Le secteur de la construction s’est bien porté en 2017, rappelle le CEO de Business Mauritius. Cela va continuer pour l’année 2018 ; non seulement des bâtiments devront sortir de terre, mais en plus des projets de rénovation, pour les hôtels en particulier, sont prévus. Il y aura aussi une reprise des projets d’infrastructures publiques (avec entre autres le Metro Express et le Road Decongestion Programme).
Quid du secteur du tourisme ? «Lui aussi se porte bien, et devrait continuer sur sa lancée en 2018, avec une croissance des arrivées.»
Les secteurs des services financiers et des technologies de l’information et de la communication (TIC) devraient aussi continuer à se développer. «Il faut noter le projet MElting poT Indianoceanic Submarine System (METISS), une initiative d’un consortium privé d’opérateurs de Maurice, de La Réunion et de Madagascar, pour amener une vraie compétition dans le secteur de la télécommunication en 2019, et qui boostera le secteur des TIC.»
Par ailleurs, avec l’introduction du salaire minimal en 2018, la consommation devrait connaître une meilleure croissance.
En général, l’économie nationale devrait donc bien se porter. Et cela, même si deux secteurs en particulier devront faire face à de sérieux défis : la canne et la manufacture pour l’exportation.
Sucre
Devesh Dukhira, CEO, Syndicat des sucres: «Rendre le secteur plus agile face à la concurrence mondiale»

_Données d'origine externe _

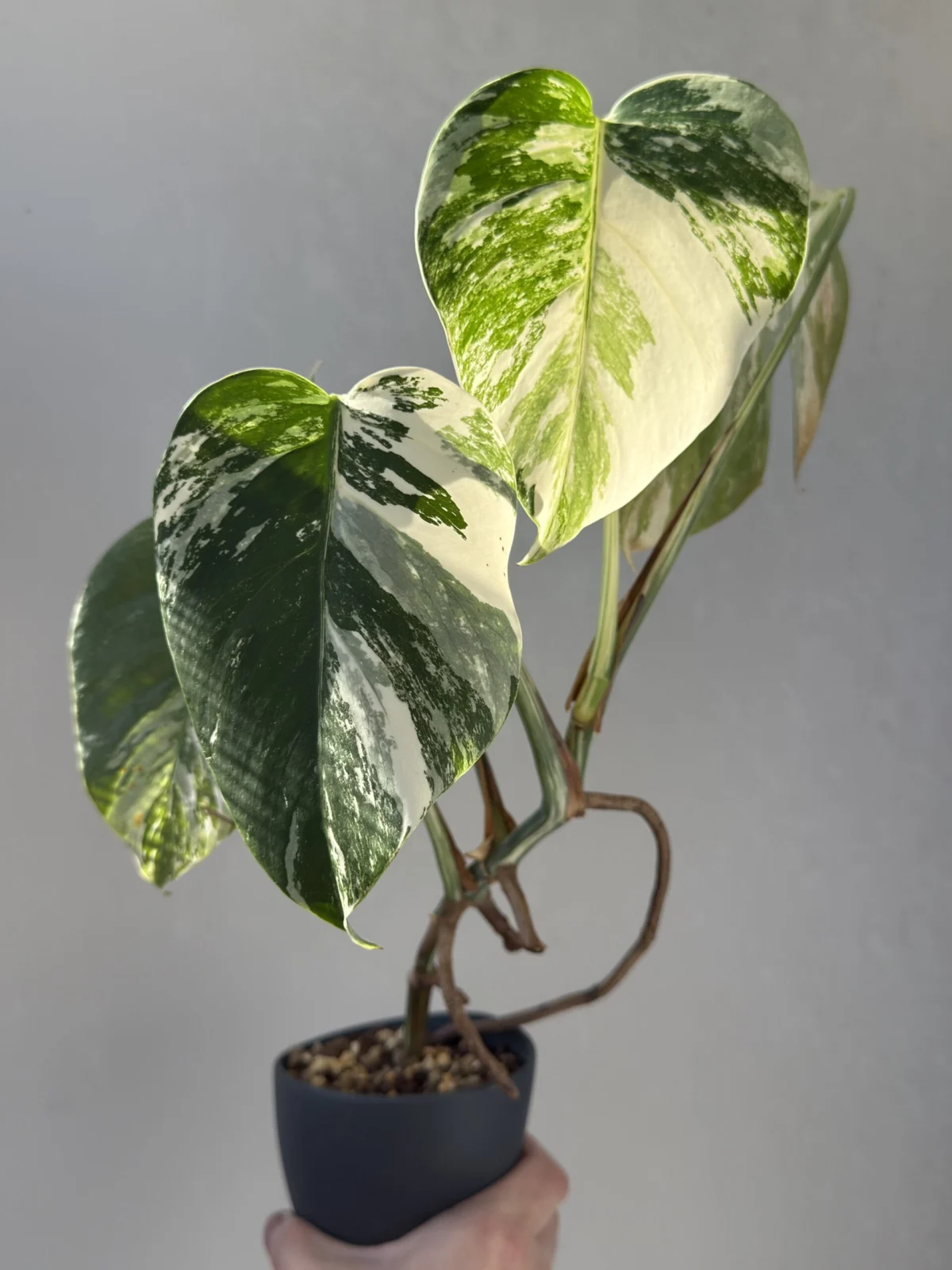 モンステラ ボルシギアナ ボルシギアーナ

Devesh Dukhira s’attend à une rationalisation des coûts entrant dans la production de la filière sucre, afin de faire face à des pressions sur le prix du sucre sur le marché international. C’est un des principaux défis auxquels le secteur sera confronté en 2018 et au-delà.
Le Chief Executive Officer du Syndicat des sucres, qui assure le marketing du sucre mauricien sur le marché européen et mondial, constate que la production sucrière à l’échelle mondiale sera encore excédentaire en 2018. Alors que la consommation mondiale n’augmentera que de 3 millions de tonnes métriques en 2018- 2019, la production sucrière disposera, elle, d’un surplus de 5 millions, constate-t-il en s’appuyant sur les estimations de l’International Sugar Organisation.
Du coup, une telle situation est susceptible d’exercer des pressions sur le prix mondial et impactera directement le prix du sucre mauricien écoulé sur le marché européen et non européen. «L’industrie sucrière a déjà tiré la sonnette d’alarme sur cette chute du cours du sucre mondial alors que les coûts de production augmentent localement.»
Devesh Dukhira insiste sur la nécessité de rendre ce secteur plus agile face à la concurrence internationale. Il est urgent, dit-il, de revoir constamment le business plan à la lumière de la nouvelle configuration du marché sucrier international.
TIC
Dev Sunnasy, président de la Mauritius Information and Technology Industry Association: «Je ne m’attends pas à grand-chose dans une période préélectorale»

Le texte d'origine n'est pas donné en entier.